Das Problem ist bekannt: Um besser am Markt zu punkten, erhält ein Produkt am Ende ein paar neue Features, eine neue Farbe oder ein zusätzliches Schleifchen, unterstützt von viel Marketing. Im Gegensatz dazu macht nun das Schlagwort vom Design Thinking die Runde. Bei diesem Ansatz geht es um einen strategisch-methodisches Vorgehen, das über die einzelne Veränderung von Design, Form oder Technik hinausgeht. 

Der Nutzer im Zentrum der Problemlösung

Das renommierte Hasso-Plattner-Institut etwa spricht davon, „Nutzerwünsche und -bedürfnisse sowie nutzerorientiertes Erfinden ins Zentrum des Prozesses“ zu stellen. Dadurch  schauen Design Thinker durch die Brille des Nutzers auf das Problem und begeben sich dadurch in die Rolle des Anwenders, erklärt die Denkfabrik. Das ist prinzipiell nichts Neues, weil schon immer der Köder dem Fisch schmecken musste. Neu ist allerdings die klare Methodik, mit der eine innovative Problemlösung identifiziert wird: Sie ist die Schnittmenge von technologischer Machbarkeit, wirtschaftlicher Tragfähigkeit und menschlicher Erwünschtheit 

Neue Denk- und Arbeitskultur für Teams

Um eine komplexe Problemstellung etwa in Form eines neuen Produkts zu identifizieren, verlangt das Design Thinking einen radikalen Abschied von bisherigen Experten und ihren Abteilungen. Vielmehr ist eine gemeinschaftliche Denk- und Arbeitskultur gefordert, die fachübergreifend agiert. Dafür werden beispielsweise zu den technischen Entwicklern, auch Einkäufer, Fachleute aus der Produktion, Vertriebler, Leute von der Kundenhotline, CSR-Manager zusammengetrommelt, damit sie aus möglichst vielen Blickwinkel gemeinsam unter Anleitung eine konkrete Lösung erarbeiten.

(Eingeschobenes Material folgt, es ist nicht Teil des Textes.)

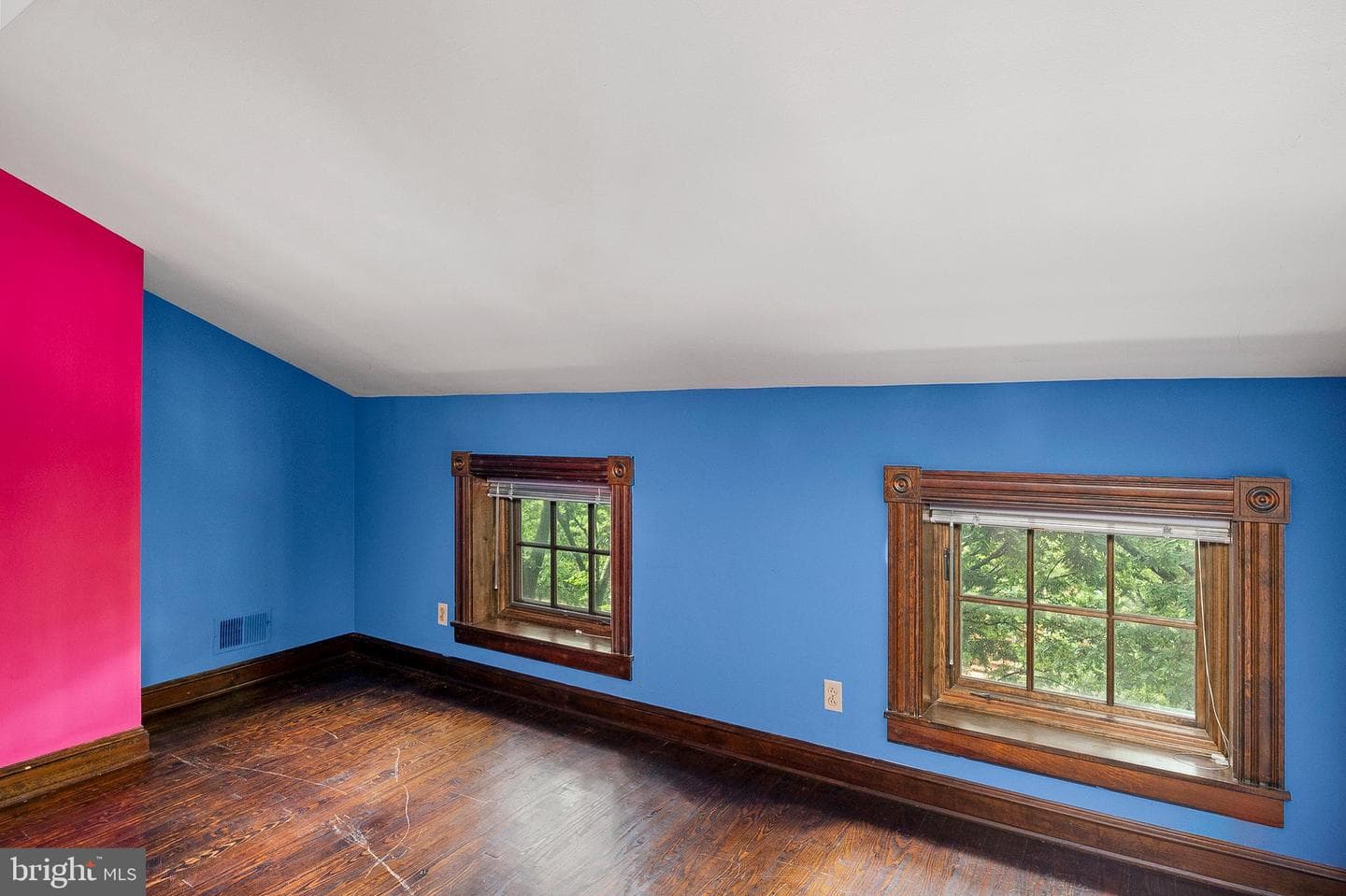 135 W Hill Street photo 35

Experimentierräume für die Zukunftsgestaltung 

Gearbeitet wird in variablen Räumen, die Platz zur Visualisierung haben und den Austausch zwischen den Teams befördern. Das können Experimentierräume sein, wie sie das Bundesministerium für Arbeit und Soziales in dem gleichnamigen Portal beschreibt: Wer neue Lösungen sucht, braucht Transparenz und Neugier, Mut und Kreativität, den offenen Austausch und die Bereitschaft, Fehler zu machen. Das Fraunhofer-Institut für Arbeitswirtschaft und Organisation IAO hat ebenfalls für das Projekt „New Work“ Erfolgsfaktoren für neue Formen der Arbeit in einer Arbeitswelt 4.0 identifiziert. Aus der Schweiz stammt beispielsweise die Bürolösung „InnOffice Lab“ von Biella und Bigla Office, das ebenfalls als Büro der Zukunft Raum für Design-Thinking-Workshops bietet.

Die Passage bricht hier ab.